Peruvian army general, junta head, President

Ricardo Pío Pérez Godoy (9 June 1905 – 26 July 1982) was a general of the Peruvian army who launched a coup d'état in July 1962, headed a military junta until March 1963 and served as the 47th President of Peru (1st President of the Military Junta).

==Military Junta==
Three main candidates participated in the Peruvian presidential elections of 10 June 1962: Víctor Raúl Haya de la Torre, founder and leader of the APRA, future president Fernando Belaúnde, and former dictator Manuel A. Odría. Haya de la Torre gained most of the votes according to the official results, one percentage point ahead of Belaúnde.

However, none of the candidates reached the margin of one-third of the votes needed to become president. Therefore, the final decision lay with the Peruvian Congress. Haya de la Torre and Odría formed an alliance in order to install Odría as the new president.

At 3:20 in the morning of 18 July 1962 at the Presidential Palace, one of the thirty tanks stationed outside gunned its engine and rammed through the black wrought-iron gates. Manuel Prado, the constitutional President of Peru, was thrown out of office in a coup, just ten days short of completing his six-year term.

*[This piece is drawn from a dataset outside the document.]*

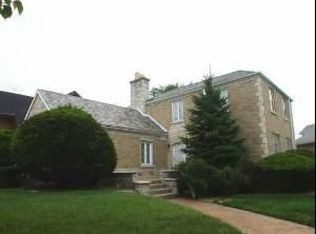 6828 Riverside Dr, Berwyn, IL 60402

Pérez Godoy, as Chairman of the Joint Chiefs of Staff, headed the military junta formed by high-ranked members of the Peruvian Military Force: General Nicolás Lindley, commander of Peru's army; Vice Admiral Juan Francisco Torres Matos, Admiral of the Navy; and General Pedro Vargas Prada, chief of the air force. Once in the Palace, the four-man junta administered its own swearing-into office. The soldiers then suspended all constitutional guarantees, dissolved Parliament, arrested Electoral Tribunal officials "for trial" and promised "clean and pure elections" scheduled for June 9, 1963. Lindley was subsequently named Prime Minister.

The military coup was condemned throughout the world: the initial reaction abroad was of disgust and dismay, something the military junta had not expected. Nine Latin American countries suspended or broke off diplomatic relations. The United States resumed diplomatic links with the new government after several months.

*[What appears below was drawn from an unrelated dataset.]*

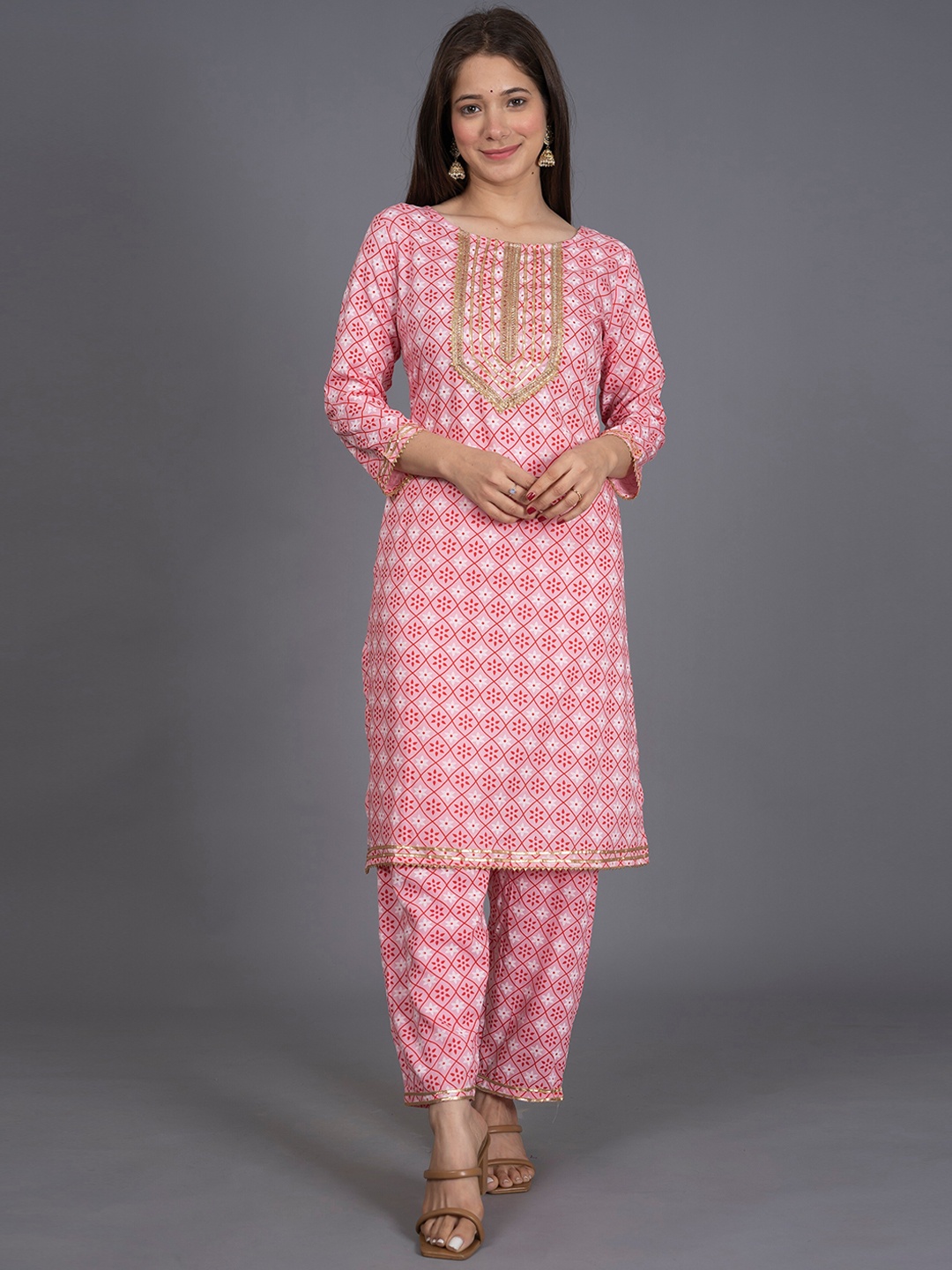

SP DESIGNS Floral Printed Gotta Patti Kurta With Trousers & Dupatta, Pink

According to one observer, Godoy was “a soldier of progressive views who was convinced that the army could do a better job than the politicians in tackling the problems with which the country was faced.” Under Godoy, cabinet positions were given to progressive officers while a National Planning Institute was set up to plan for social reform as well as economic development. Promising a "New Peru", Pérez Godoy pushed through a 24% increase in the budget and decreed new taxes to pay for it, including a one dollar-a-ton levy on anchovies that provoked a strike and threatened to close down the thriving fishmeal industry. And when he refused to approve the construction of a new hospital for Vargas Prada's Air Force and six new ships for Torres Matos' national steamship line, the other junta members turned on him.

Politically, Pérez Godoy was generally in favor of carrying out the promised June elections even if they should result in a victory for the leftist-turned-moderate APRA Party of Víctor Raúl Haya de la Torre. However, in early 1963, he showed more of an inclination to deviate from the original plan and to stay in power longer than initially planned.

===Overthrow===
Warned that his comrades-in-arms were determined to remove him, Pérez Godoy tried to no avail to rally support among provincial military commanders and civilians working toward the new presidential elections in June.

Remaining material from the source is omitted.